By Scott Tibbs, October 26, 2007
♣ If the Code Pink radical who confronted Condoleezza Rice wants to win people to her side, making herself look like a crazed fanatic is not the way to do it. In fact, she’s lucky to be alive after that stunt. Given her threatening pose and the split-second time needed to react, one could easily interpret her actions as those of someone about to violently attack the Secretary of State.
♣ I don’t have a problem with increasing the fare on Bloomington Transit to $1, if the increase is needed. However, BT needs to change their arbitrary and illogical transfer policy. It is beyond stupid to prohibit a transfer between bus routes that do not cross but come within three blocks of each other, as is the case with Routes 1 and 6.
♣ Governor Mitch Daniels proposed some good ideas that will improve the property tax system if implemented. Capping the property tax at 1% of a home’s assessed evaluation does not solve the problems of homes that are assessed too high. The main problem with the plan is that it fiddles around the edges of a broken system. Ultimately, we need to abolish the property tax. Indiana needs a fairer and less destructive way to fund local government.

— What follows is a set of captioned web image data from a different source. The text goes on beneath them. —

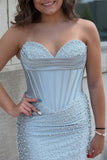 Strapless Grey Blue Corset Bodycon Pearl Beaded Homecoming Dress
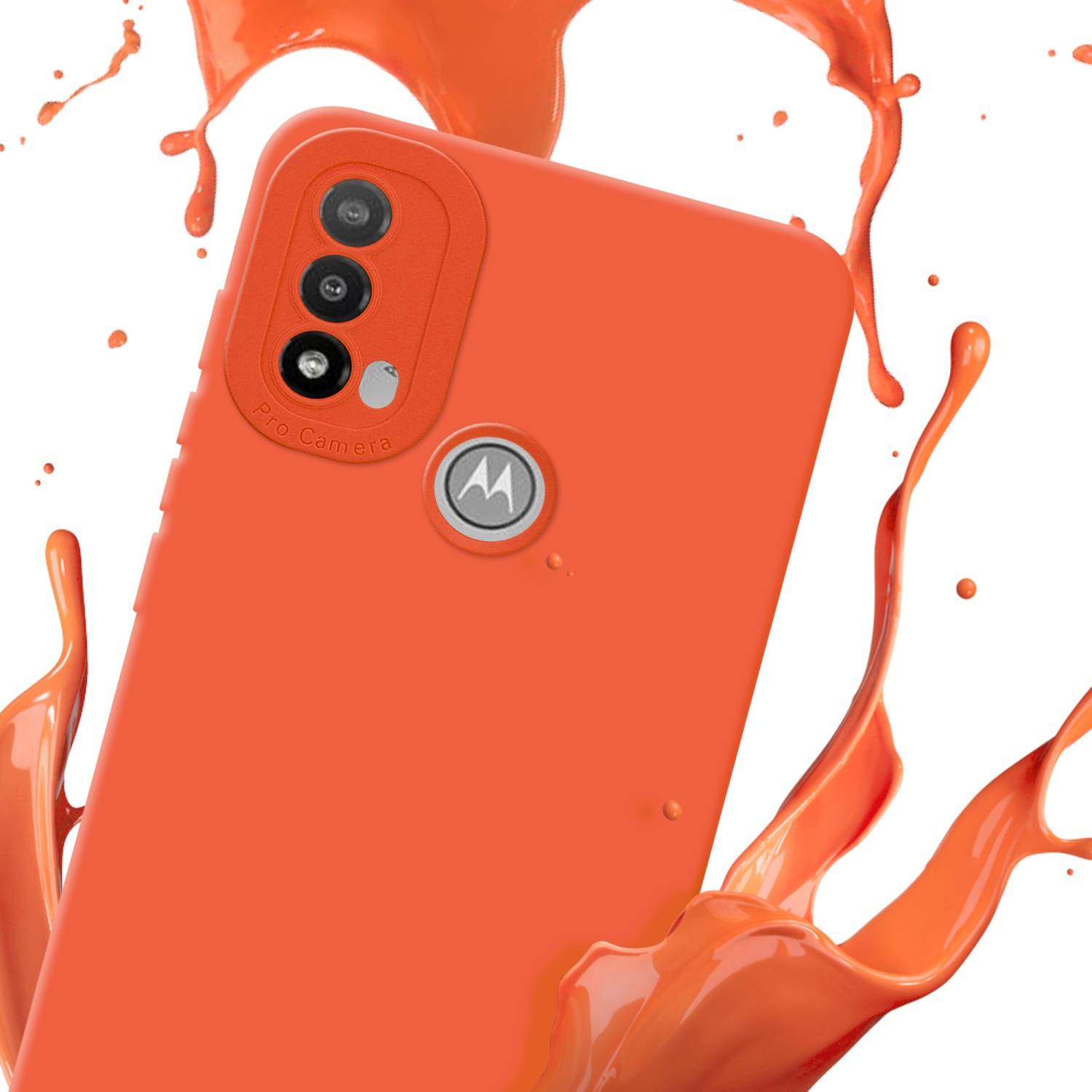 Cadorabo Hülle für Motorola MOTO E20 Schutz Hülle in Orange TPU Silikon Etui Case Handyhülle
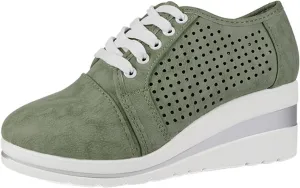 Women Roman Large Size Hollow Out Wedges Height Increasing Casual Shoes Men Casual Shoes Boots (Green, 7)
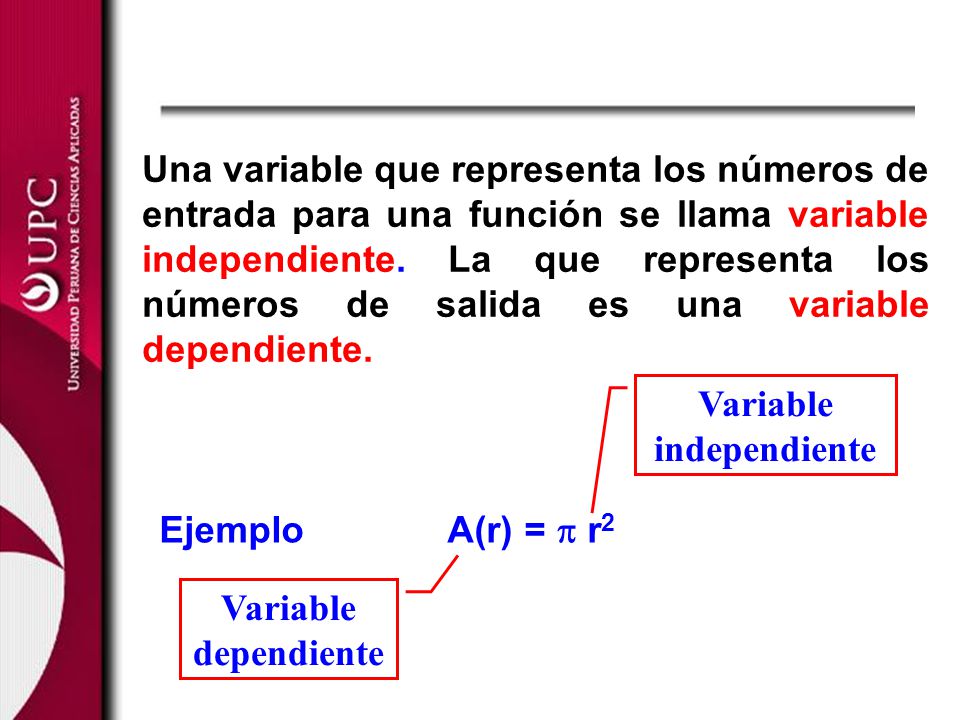 Una variable que representa los números de entrada para una función se llama variable independiente. La que representa los números de salida es una variable dependiente.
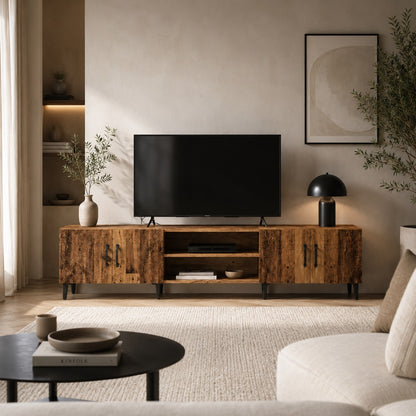 Meuble TV en bois avec rangements, finition vieux bois et compartiments pratiques pour le salon.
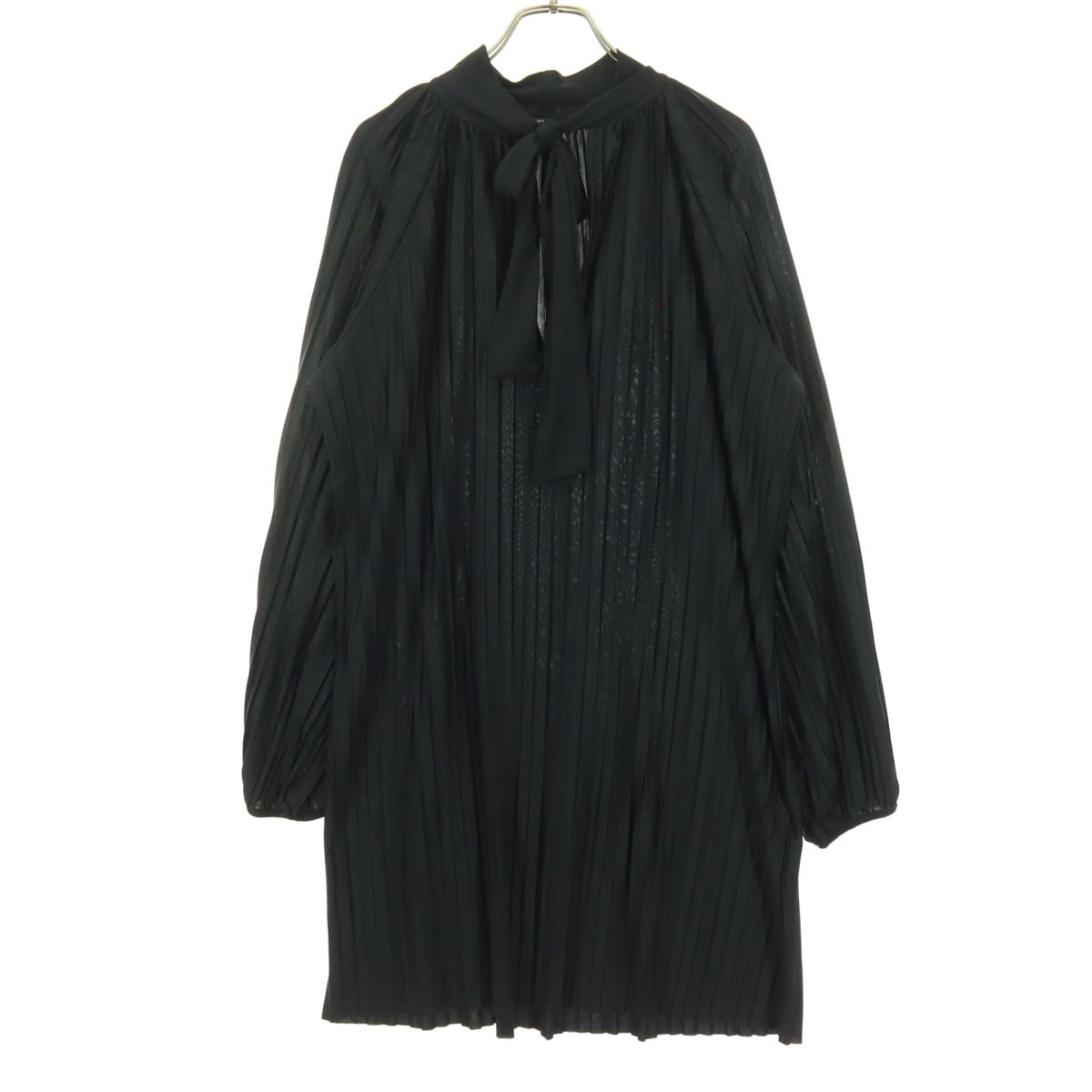 ZARA ザラ 長袖 Vネック ミニワンピース S ブラック リボン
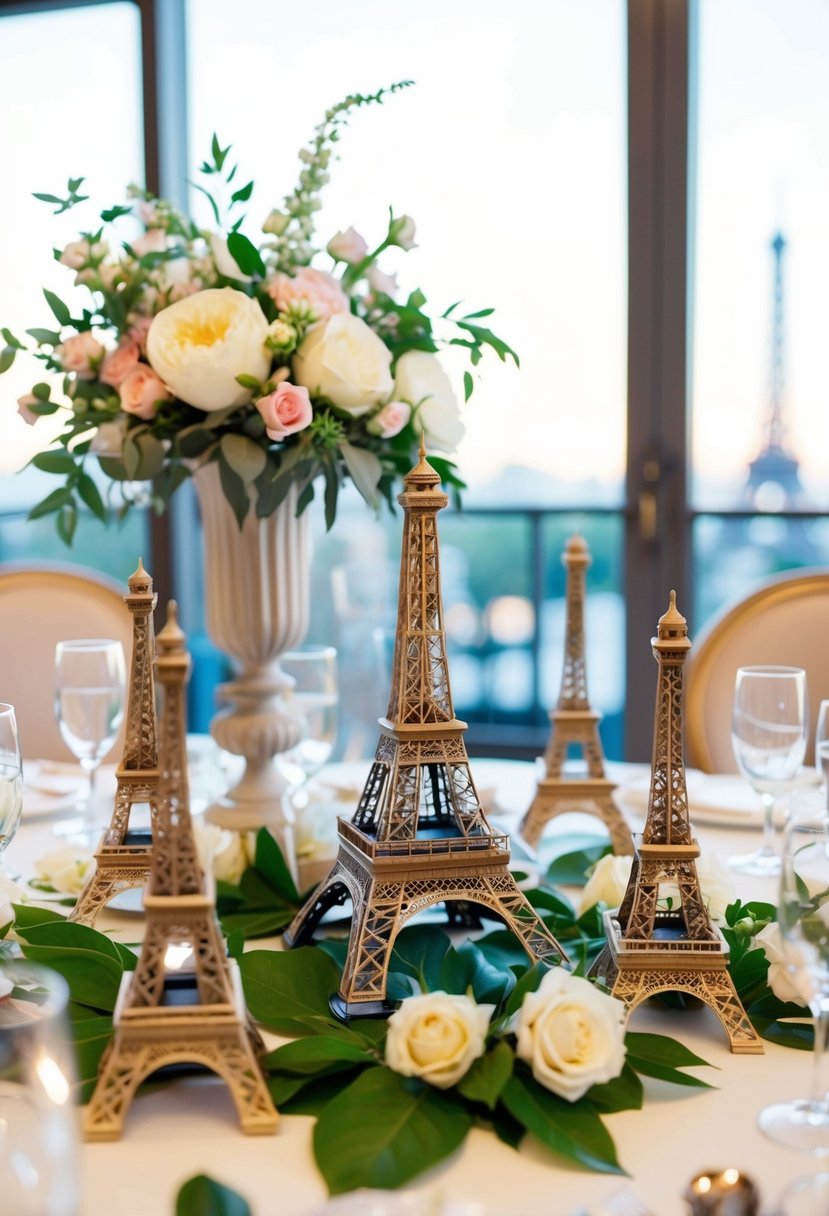 A table adorned with miniature Eiffel Tower models, Parisian chic decor, and elegant floral arrangements for a themed wedding celebration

♣ Ron Kadish whines that Kruzan needs to be re-elected because it is difficult for artists to make a living in Bloomington. Why should I, as a taxpayer, be forced to supplement the income of an artist if he is not able to generate enough business to make money? Should we have tax subsidies for ice cream shops? What about clothing stores or small local video stores? Subsidies for the arts is nothing more than socialism.
♣ I have been asked elsewhere if churches should be subject to property taxes. The answer is an emphatic no. Subjecting churches to property taxes would be a major burden on churches already struggling to get by and would therefore be a restriction on religious freedom. Local government is on a frozen levy and adding churches to the tax rolls won’t increase the $$ to local government by one dime.
Like private charities, churches also benefit society through collections for the poor and so forth. Charitable organizations get the same exemptions that churches do under 501(c)3. If government is going to tax churches, the only way to be fair is to tax Middle Way House and other charities like it.
Finally, the idea that exempting churches (or mosques, synagogues, temples, and so forth) from taxation is “unconstitutional” is laughable. So long as government does not pick and choose which religions to exempt, there is no “respecting an establishment of religion” and therefore no Constitutional problem.